An exchange property for bases of a free module over a division ring $R$

Question

Let $M$ be a module over a division ring $R$ and let $A$ and $B$ be bases of $M$.

Then $\forall a \in A \ \ \exists b \in B: \ \ (A \setminus \{ a \}) \cup \{ b \}$ is a basis of $M$.

Here's how a possible proof goes:

If $a \in B$, then $b = a$ serves.

Assume $a \notin B$, and let $S = A \setminus \{ a \}$. If $B \subseteq \langle S \rangle$, then every $b \in B$ is a linear combination of elements of $S$, and since $\langle B \rangle = M$, every $m \in M$ is a linear combination of elements of $S$, so, $\langle S \rangle = M$, and $a$ is a linear combination of elements of $S$, causing a cotnradiction to the fact that $A$ is linearly independent. Therefore $B$ is not contained in $\langle S \rangle$, and there is $b \in B$ that is not a linear combination of elements $S$. It can be easily proved that then $A' = S \cup \{b \}$ is linearly independent.
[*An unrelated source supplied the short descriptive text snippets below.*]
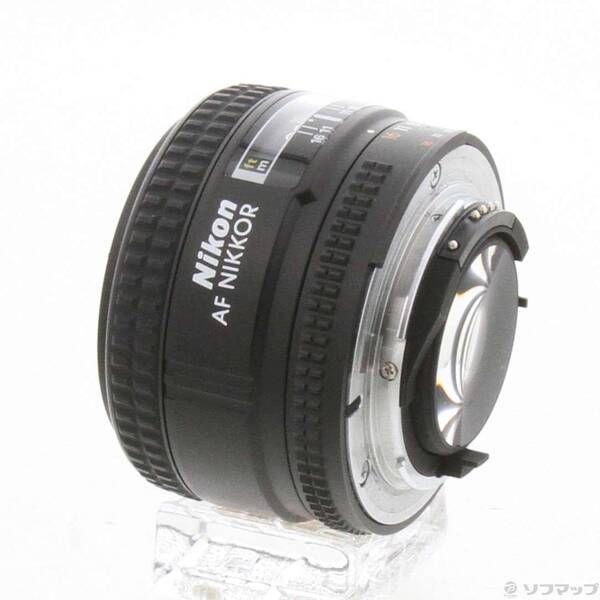 Used Sofmap [Used] Ai AF Nikkor 50mm F1.4D (Lens) [368]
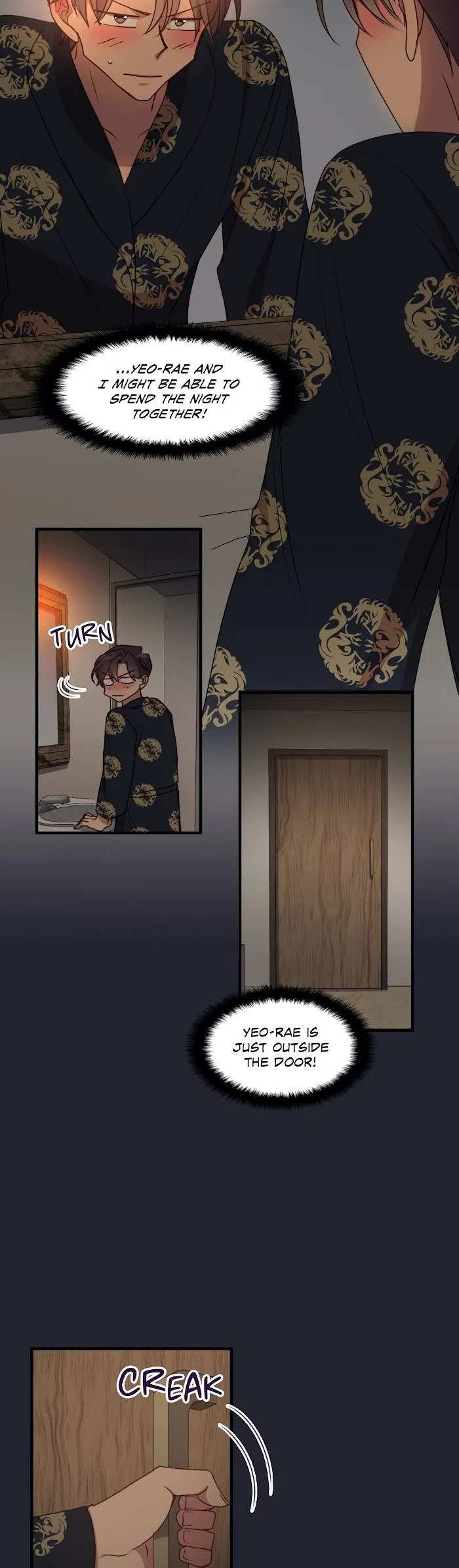 Black Dragon Romance Chapter 91 – Page 12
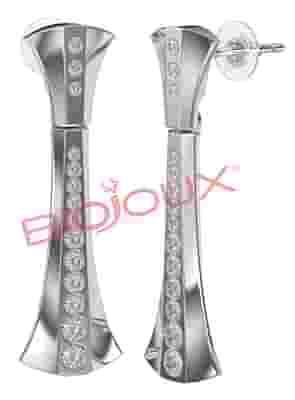 BJT321 ORECCHINI FELISA STAINLESS STEEL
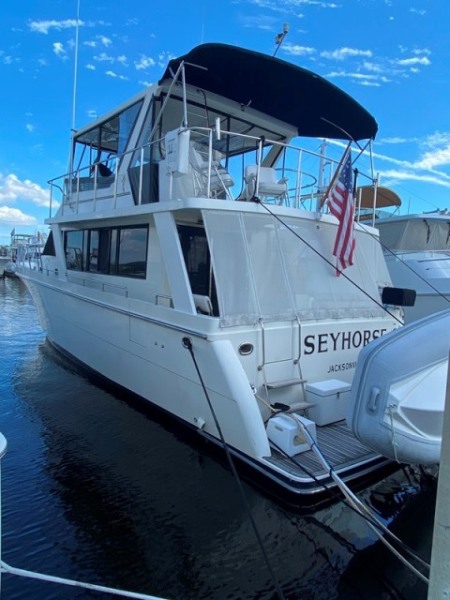 2003 Hi-Star 470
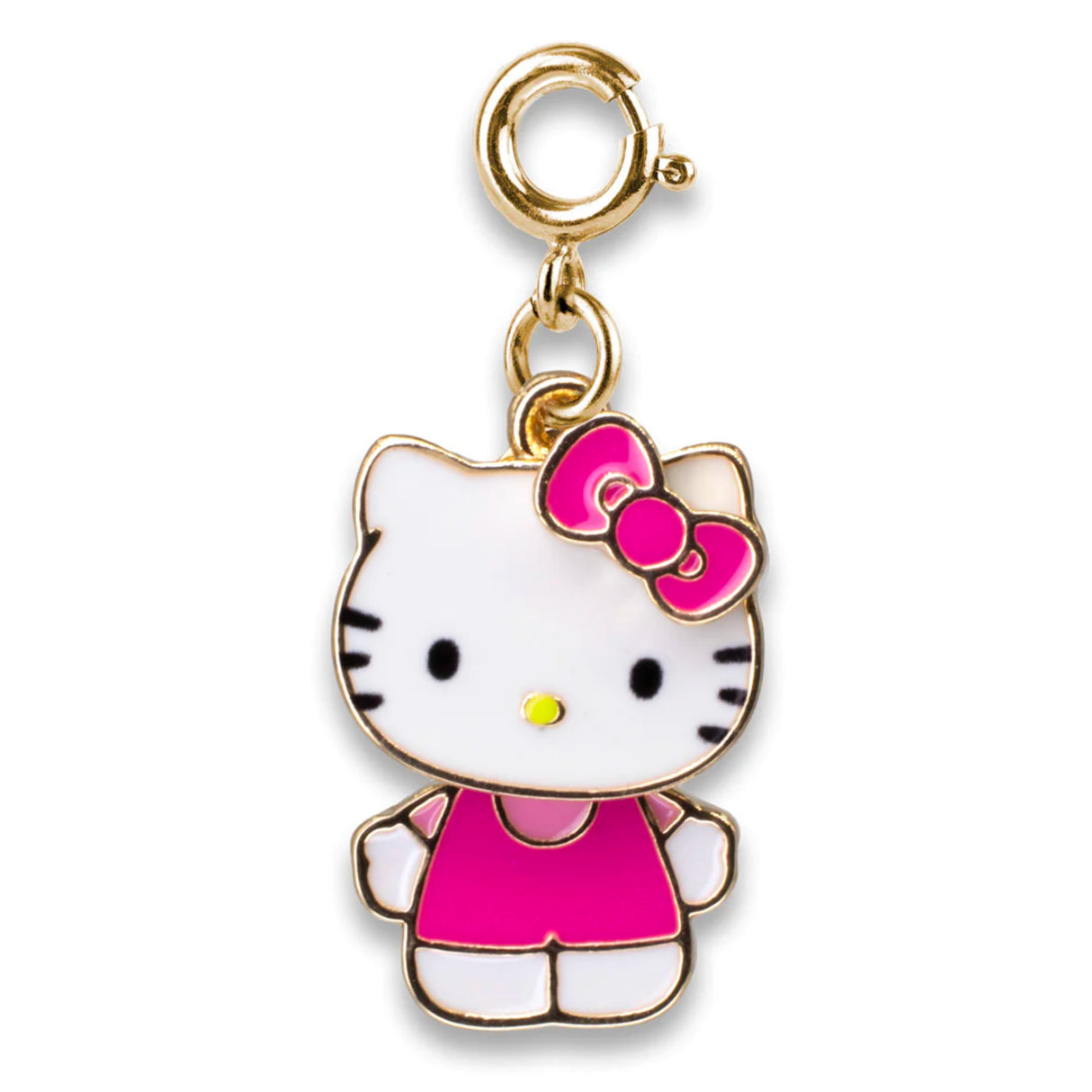 CHARM IT! - Gold Swivel Hello Kitty Charm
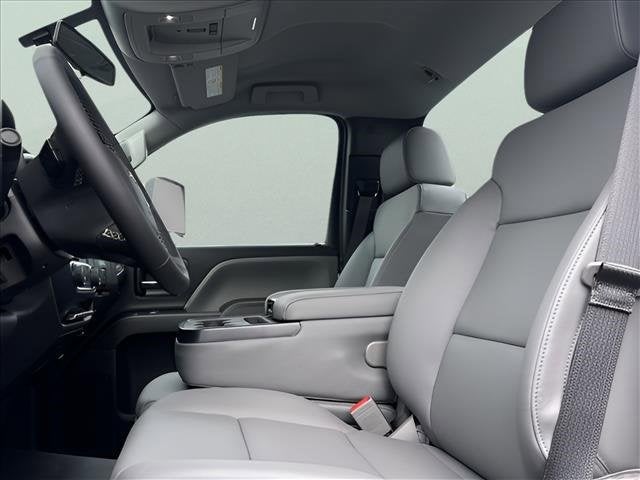 2024 Chevrolet Silverado 5500 HD Work Truck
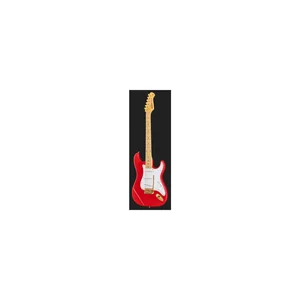 Harley Benton ST-59HM Fiesta Red w/Bag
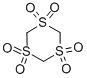 S-TRITHIANE-1,1,3,3,5,5-HEXAOXIDE CAS#: 2125-34-0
However, it still needs to be proven that this $A'$ is a also a generating (or spanning) set for $B$. Here's where I need a hand.

P.S. A proof cannot use the fact that a division ring satisfies IBN property.

Answer 1

You just need to prove that $a$ is in the span of $A'$.

Since $b$ is in the span of $A$, we can write it as $b=ar+v$, where $v$ is in the span of $S$. By the choice of $b$, we have $r\ne0$. Thus $a=br^{-1}+vr^{-1}$.

Answer 2

Every module over a division ring is free and all bases of such a module $M$ have the same number of elements. So in the finite dimensional case, say with $\dim M = d$, any $d$-element set of linearly independent elements is a basis and, therefore, is spanning. In your proof we have $A \setminus \{a\} \cup \{b\}$ is a linearly independent set with dimension many elements, and so it is a basis of $M$.

This exchange property is known as the basis exchange property in matroid theory. One can find a brief discussion of matroids defined over division rings at the end of Section 6.1 in Oxley's famous textbook Matroid Theory.